Mr Cash: I take issue with my hon. Friend on that, simply because we had a significant debate on it and the European Scrutiny Committee took a completely contrary view.
Mr Cash: Leaving that aside, let me suggest that, according to the sequence of events provided for by the excellent amendment tabled by my hon. Friend the Member for Hertsmere (Mr Clappison), the question of the Minister's motion and its approval by Parliament will arise before Third Reading, and almost certainly before Report. For practical purposes, therefore, the House of Commons will have decided the question. Surely the hon. Gentleman is not honestly suggesting that, its approval having been required, Parliament would vote against the proposal on Third Reading. Surely that would not make sense.
Mr Cash: Does what the hon. Gentleman just said bear out what we heard from Lord Mandelson, which is that even at the last minute, after the coalition had been to all intents and purposes stitched up, the hon. Gentleman's leader, the Deputy Prime Minister, was still on the phone to the right hon. Member for Kirkcaldy and Cowdenbeath (Mr Brown) to ask whether he could achieve any further manoeuvring in relation to the European Union?
Mr Cash: Is the hon. Gentleman aware-I am sure that he is, and perhaps on reflection he might like to retract those remarks in light of the fact that he is sitting in such close proximity to the Minister for Europe-that the same Europhobic utterances to which he is referring were reflected by the entire Conservative party, in unity, opposing every aspect of the Lisbon treaty and insisting on a referendum? I know that his hon. Friends were not doing so; this so-called temporary alliance looks as though it has quite a few splits in it.
Martin Horwood: What we have is not a temporary alliance with splits in it, but a business arrangement between two parties with very different traditions and very different views on Europe. The refreshing thing about the coalition, in contrast to Labour when it was in government and there were accusations of psychological disturbance and all sorts of things going on behind the scenes, is that we at least can be open and honest about our different traditions and perspectives. It is to the credit of the coalition and of the Minister that we have managed to create a Bill that largely satisfies both sides.
Mr Cash: As Chair of the European Scrutiny Committee, I know that it is universally accepted on both sides of the House, as has already been expressed by the Minister and the shadow Minister, that the quality of analysis that we have given to clause 18 and those proposals has been excellent, and that view has been endorsed by many outside Parliament. I mention that simply because the hon. Gentleman is perhaps moving into territory that he might later regret.

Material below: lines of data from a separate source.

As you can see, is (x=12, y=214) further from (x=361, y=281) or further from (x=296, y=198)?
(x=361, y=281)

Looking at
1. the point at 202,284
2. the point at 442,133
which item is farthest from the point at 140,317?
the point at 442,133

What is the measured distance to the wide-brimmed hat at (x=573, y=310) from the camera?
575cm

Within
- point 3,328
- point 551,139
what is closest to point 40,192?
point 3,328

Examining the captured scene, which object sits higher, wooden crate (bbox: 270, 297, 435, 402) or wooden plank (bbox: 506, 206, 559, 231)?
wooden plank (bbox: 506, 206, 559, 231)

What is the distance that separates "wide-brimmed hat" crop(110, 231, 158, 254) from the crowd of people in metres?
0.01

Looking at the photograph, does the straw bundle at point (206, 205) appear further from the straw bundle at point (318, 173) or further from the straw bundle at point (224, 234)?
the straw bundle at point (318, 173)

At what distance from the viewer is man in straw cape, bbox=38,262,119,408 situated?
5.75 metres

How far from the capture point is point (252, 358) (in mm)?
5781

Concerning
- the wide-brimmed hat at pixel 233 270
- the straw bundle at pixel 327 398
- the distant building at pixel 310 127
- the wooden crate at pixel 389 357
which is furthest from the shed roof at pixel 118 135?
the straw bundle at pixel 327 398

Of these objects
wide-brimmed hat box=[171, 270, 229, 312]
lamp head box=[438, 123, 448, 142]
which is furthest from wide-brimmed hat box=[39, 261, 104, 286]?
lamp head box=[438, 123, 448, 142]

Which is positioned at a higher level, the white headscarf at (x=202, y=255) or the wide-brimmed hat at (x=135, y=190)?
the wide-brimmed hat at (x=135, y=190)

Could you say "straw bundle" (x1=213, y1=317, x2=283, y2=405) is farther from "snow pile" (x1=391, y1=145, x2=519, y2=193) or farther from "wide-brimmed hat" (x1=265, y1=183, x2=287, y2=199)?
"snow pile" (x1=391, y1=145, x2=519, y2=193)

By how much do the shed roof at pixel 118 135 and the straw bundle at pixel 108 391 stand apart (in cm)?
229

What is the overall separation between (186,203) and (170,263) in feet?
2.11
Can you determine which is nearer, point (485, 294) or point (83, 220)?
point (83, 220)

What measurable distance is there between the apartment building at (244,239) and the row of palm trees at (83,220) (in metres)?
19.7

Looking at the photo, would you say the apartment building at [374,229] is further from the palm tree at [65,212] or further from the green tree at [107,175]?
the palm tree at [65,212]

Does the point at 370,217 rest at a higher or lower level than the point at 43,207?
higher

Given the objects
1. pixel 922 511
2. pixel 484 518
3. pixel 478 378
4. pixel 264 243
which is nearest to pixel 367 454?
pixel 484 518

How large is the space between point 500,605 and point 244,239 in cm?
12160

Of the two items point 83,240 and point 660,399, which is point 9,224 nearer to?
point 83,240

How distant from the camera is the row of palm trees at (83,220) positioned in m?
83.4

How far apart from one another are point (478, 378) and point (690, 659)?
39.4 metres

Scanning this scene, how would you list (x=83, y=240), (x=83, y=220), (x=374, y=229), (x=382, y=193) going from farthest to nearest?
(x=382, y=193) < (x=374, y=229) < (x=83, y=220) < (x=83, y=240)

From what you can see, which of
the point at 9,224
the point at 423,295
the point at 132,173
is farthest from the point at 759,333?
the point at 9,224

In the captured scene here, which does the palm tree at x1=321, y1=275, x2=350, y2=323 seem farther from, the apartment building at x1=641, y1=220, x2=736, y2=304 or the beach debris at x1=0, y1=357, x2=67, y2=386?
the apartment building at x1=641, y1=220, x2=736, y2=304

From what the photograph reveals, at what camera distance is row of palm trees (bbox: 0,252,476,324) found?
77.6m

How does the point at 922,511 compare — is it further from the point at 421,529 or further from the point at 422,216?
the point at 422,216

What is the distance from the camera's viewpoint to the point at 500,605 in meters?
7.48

Mr Jenkin: I am all for that. I remember my noble Friend, the former Member for North Shropshire, Lord Biffen-he who had whipped through and proposed the guillotine on the Single European Act-starting his speech in a debate on the Maastricht treaty by exclaiming that we all have blood on our hands. The important theme to draw from this debate is that there is unanimity about the democratic deficit at the heart of the whole process of European integration. The people have not been involved or consulted enough.

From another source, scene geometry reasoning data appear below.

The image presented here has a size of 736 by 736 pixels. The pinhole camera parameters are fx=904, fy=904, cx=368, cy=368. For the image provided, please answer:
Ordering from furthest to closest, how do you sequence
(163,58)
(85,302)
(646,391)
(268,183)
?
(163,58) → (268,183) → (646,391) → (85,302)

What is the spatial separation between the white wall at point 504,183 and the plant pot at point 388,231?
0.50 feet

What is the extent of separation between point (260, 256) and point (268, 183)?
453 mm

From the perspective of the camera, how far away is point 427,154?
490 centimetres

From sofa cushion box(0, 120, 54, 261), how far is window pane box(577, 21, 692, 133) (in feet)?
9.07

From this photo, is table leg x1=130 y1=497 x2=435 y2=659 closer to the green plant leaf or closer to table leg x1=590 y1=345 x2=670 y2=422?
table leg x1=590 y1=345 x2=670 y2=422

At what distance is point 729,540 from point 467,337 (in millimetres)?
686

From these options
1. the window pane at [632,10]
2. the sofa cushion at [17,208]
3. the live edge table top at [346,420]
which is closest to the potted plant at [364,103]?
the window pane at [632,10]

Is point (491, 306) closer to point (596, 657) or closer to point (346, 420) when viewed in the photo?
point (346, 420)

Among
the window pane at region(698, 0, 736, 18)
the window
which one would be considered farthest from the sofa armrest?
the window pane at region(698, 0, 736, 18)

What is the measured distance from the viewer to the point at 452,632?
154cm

My hon. Friend the Member for Grantham and Stamford (Nick Boles) extolled the virtues of the Bill as the "Thus far and no further" Bill and the great victory for my hon. Friend the Member for Stone (Mr Cash), who has campaigned on the matter for so many years-the Bill Cash memorial Bill. My hon. Friend seemed to be saying that the Bill would succeed in stopping the process of European integration in its tracks, even though the much-quoted Martin Howe, QC, has said that although the Bill might fix our place on the escalator, it does not stop the escalator going up.
My hon. Friend the Member for Grantham and Stamford extolled the Bill's virtues not because there would be referendums, but because it would prevent European integration because nobody would want a referendum. My hon. Friend the Member for Camborne and Redruth (George Eustice), however, did so because he thought it would cause referendums, and he lamented the fact that there had not been one since 1975. We all know why the Bill is in being-it is because there ain't been a referendum, and every time a major decision is discussed in Europe, the public cannot understand why they have not been consulted about the dramatic changes that are taking place.

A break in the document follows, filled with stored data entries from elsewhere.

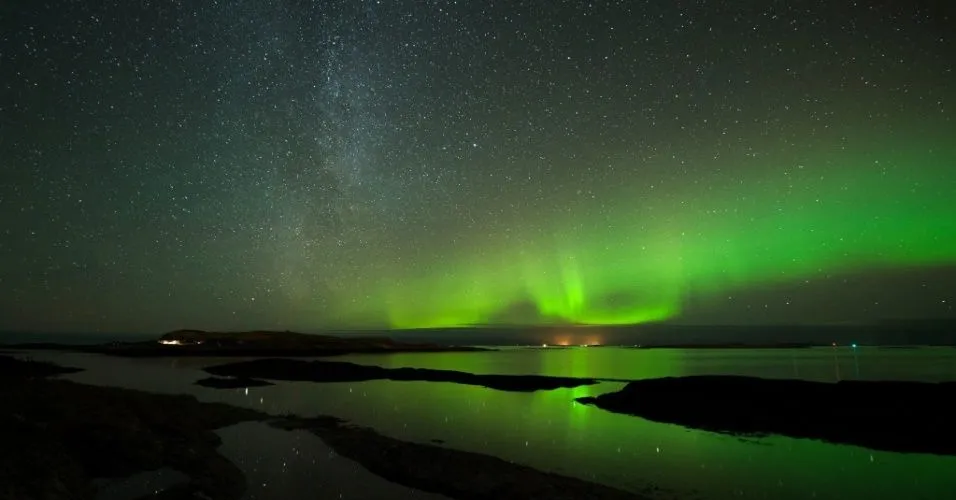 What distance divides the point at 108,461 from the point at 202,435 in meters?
5.47

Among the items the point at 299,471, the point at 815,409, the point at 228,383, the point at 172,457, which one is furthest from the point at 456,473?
the point at 228,383

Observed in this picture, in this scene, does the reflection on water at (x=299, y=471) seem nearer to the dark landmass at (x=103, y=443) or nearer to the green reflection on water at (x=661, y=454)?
the dark landmass at (x=103, y=443)

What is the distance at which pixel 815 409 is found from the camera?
28.2 meters

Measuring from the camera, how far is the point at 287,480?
16625mm

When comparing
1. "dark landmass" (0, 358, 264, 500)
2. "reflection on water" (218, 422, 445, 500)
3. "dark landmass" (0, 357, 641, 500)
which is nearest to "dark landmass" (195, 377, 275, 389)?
"dark landmass" (0, 358, 264, 500)

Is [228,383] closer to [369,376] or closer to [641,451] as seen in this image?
[369,376]

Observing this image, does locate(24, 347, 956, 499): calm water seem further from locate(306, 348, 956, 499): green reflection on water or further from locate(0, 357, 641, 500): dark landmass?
locate(0, 357, 641, 500): dark landmass

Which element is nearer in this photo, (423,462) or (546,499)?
(546,499)

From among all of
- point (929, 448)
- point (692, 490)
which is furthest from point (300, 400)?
point (929, 448)

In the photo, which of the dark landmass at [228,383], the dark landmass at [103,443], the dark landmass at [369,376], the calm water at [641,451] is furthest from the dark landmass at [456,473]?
the dark landmass at [369,376]

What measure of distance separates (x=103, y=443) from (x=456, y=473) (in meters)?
11.8

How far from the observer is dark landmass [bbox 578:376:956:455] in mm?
23766

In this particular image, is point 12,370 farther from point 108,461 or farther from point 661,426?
point 661,426

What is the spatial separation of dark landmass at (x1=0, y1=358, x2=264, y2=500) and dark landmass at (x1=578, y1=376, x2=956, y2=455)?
22163mm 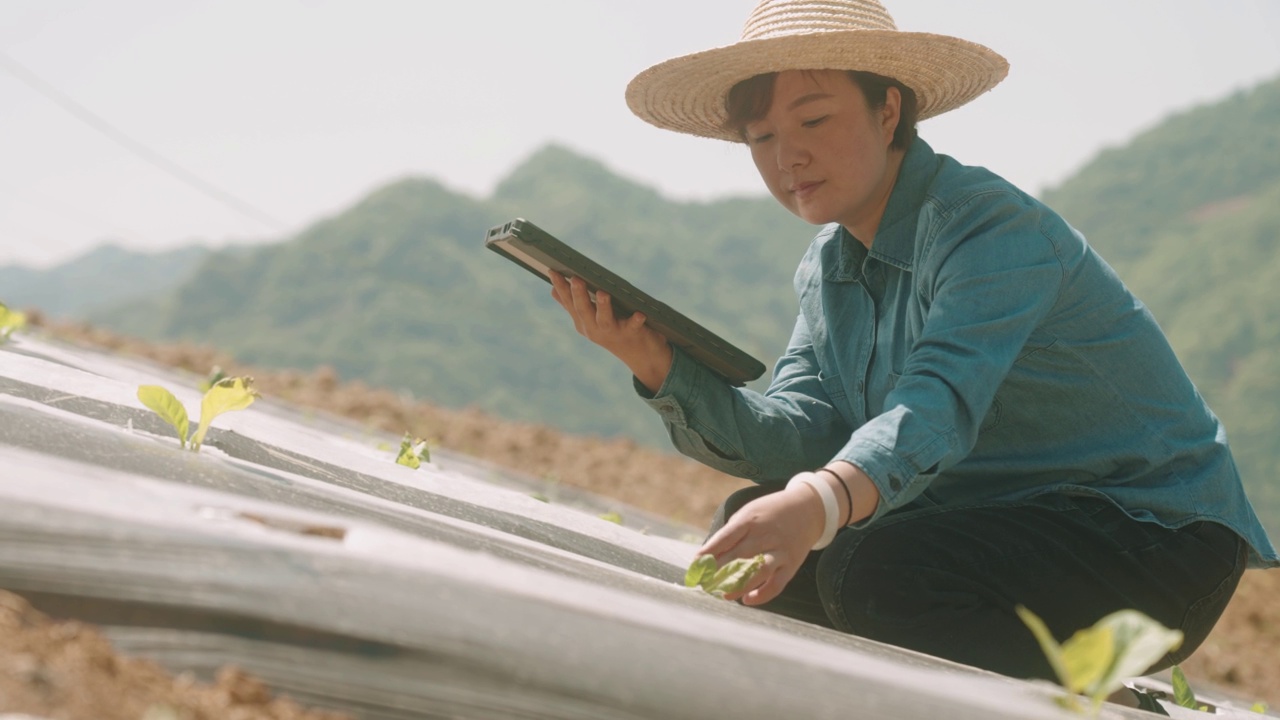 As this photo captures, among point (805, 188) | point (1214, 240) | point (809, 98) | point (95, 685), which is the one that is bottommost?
point (95, 685)

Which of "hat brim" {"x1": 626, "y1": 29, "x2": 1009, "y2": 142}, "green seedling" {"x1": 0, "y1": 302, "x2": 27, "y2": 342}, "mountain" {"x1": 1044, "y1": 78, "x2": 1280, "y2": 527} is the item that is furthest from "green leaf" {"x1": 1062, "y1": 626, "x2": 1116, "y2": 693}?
"mountain" {"x1": 1044, "y1": 78, "x2": 1280, "y2": 527}

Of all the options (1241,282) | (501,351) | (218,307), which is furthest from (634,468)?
(218,307)

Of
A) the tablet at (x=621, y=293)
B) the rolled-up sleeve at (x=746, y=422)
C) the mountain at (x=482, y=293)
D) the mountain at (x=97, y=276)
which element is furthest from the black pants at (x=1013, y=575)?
the mountain at (x=97, y=276)

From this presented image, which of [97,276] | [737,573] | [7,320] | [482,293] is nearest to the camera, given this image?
[737,573]

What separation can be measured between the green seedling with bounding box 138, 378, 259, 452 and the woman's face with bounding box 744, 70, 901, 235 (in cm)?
100

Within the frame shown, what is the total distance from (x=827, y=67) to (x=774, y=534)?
956 millimetres

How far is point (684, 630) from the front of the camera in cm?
109

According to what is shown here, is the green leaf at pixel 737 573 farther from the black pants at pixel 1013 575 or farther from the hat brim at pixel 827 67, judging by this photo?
the hat brim at pixel 827 67

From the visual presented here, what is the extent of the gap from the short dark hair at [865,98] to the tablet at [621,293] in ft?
1.48

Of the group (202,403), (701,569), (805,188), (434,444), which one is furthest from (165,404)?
(434,444)

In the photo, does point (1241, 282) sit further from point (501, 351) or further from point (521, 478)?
point (521, 478)

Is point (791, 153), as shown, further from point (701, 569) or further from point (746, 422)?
point (701, 569)

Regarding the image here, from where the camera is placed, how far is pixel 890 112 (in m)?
2.27

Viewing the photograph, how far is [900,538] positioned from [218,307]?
1888 inches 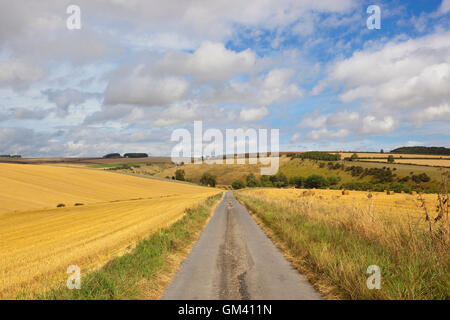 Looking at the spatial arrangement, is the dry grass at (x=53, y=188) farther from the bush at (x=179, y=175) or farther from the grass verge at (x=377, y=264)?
the bush at (x=179, y=175)

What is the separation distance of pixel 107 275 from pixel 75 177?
252ft

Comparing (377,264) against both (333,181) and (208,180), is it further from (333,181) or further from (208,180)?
(208,180)

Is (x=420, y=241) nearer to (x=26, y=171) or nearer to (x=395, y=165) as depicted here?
(x=26, y=171)

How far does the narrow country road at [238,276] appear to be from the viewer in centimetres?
694

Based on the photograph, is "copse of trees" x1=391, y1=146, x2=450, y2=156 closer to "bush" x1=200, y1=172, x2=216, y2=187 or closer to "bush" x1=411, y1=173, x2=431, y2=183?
"bush" x1=411, y1=173, x2=431, y2=183

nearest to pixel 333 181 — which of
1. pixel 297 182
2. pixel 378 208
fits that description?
pixel 297 182

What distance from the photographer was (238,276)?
8.33m

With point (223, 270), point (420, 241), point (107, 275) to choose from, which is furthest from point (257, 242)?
point (107, 275)

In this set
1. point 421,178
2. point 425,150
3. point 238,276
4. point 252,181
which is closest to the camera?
point 238,276

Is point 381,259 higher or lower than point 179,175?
higher

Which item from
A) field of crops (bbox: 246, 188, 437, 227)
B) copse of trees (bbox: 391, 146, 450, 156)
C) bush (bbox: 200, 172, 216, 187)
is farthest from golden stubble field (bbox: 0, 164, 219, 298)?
copse of trees (bbox: 391, 146, 450, 156)

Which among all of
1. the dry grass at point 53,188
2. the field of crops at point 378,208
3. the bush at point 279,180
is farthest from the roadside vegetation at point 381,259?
the bush at point 279,180

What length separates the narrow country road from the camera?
6938mm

We are continuing to feed the expectation that something in the Bill will trigger a referendum, but I do not believe that the Government have any intention of allowing a referendum to be triggered. Indeed, my right hon. Friend the Minister has said that he has no intention of there being a referendum in this Parliament. The Bill will go on to the statute book and then a future Administration-perhaps a Conservative one, perhaps another coalition one or perhaps a Labour one-will not be bound by it.
This I will grant my hon. Friend the Member for Camborne and Redruth: the Bill creates more of an expectation that somehow the situation will change. However, we are in danger of over-selling the Bill if we think it will create a lock. It will not. Let us listen to the words of Lord Leach of Fairford, who is the chairman of Open Europe, no less, which champions the issue and for which my hon. Friend worked. He has said that
"as it stands the EU Bill has some loopholes which urgently need to be plugged if it is to withstand the steady mission creep of new EU laws and accretion of powers."
What we are debating today is whether we can plug some of those loopholes. I am afraid that the whole conception of the Bill has been deconstructed in today's debate.
Mr Cash: Amendment 1 would deal with the exemption condition, which in turn would deal with that mission creep, the accession issue and the question of mixed treaties.
Mr Jenkin: I will deal briefly with my hon. Friend's amendments, which deserve consideration and which I will support if there is a vote. The original pledge was that any new treaty would get a referendum-that was what we were told at the Conservative party conference in 2009. That was going to be the real referendum lock. It seems that the proximity of office blunts the senses, and "any treaty" is now only "certain treaties".
We are now faced with a treaty of enormous significance in the EU-the treaty for fiscal union that Monsieur Fillon came over to propose to the Prime Minister last week. We will be told that it will not affect us, because there is no transfer of competence, no change in voting rights, no imposition of obligations and all the rest, and that it is not significant, so there is no need for a referendum. I remember being told that we could ratify the Maastricht treaty because it did not really affect us as we would have an opt-out from monetary union, but look how it is affecting us. There is no such thing as "Does not affect us". Of course, if we were not in the European Union and it went ahead with fiscal union, it would affect us, so it will be argued that we cannot object as long as we have proper opt-outs.
The problem is that we are in the EU and under the European Court of Justice. We are in the decision-making institutions and in the legal jurisdiction of what will become a fiscal union. It is impossible for anyone to argue that the development of the European Union can go ahead to such an extent without affecting legal decisions in this country. Yet the Bill excludes any possibility of a referendum on an extremely significant treaty. That provision should have been in the Maastricht treaty-we all argued that for that when monetary union was first discussed. We all pointed out that the no-bail-out clause was worth nothing-article 104c is emblazoned on my heart. We all argued that there could not be monetary union without fiscal union. We warned of the consequences of monetary union without fiscal union, and stressed that our opt-out was meaningless and would not protect us from the consequences of the Maastricht treaty. Now we are warning again that we should not allow the treaty to go ahead unless we get sufficient opt-outs and exemptions from the existing acquis communautaire, yet the Bill does not provide for a referendum.
Mr Cash: Does the Minister not accept that it would be a monumental change if proposals relating to fiscal union, social union or employment union were to be incorporated in a treaty between the UK and other member states-excluding the UK, but none the less having a juggernaut impact upon us? In those circumstances, is that material not so important that we would expect to get a referendum-as would the British people?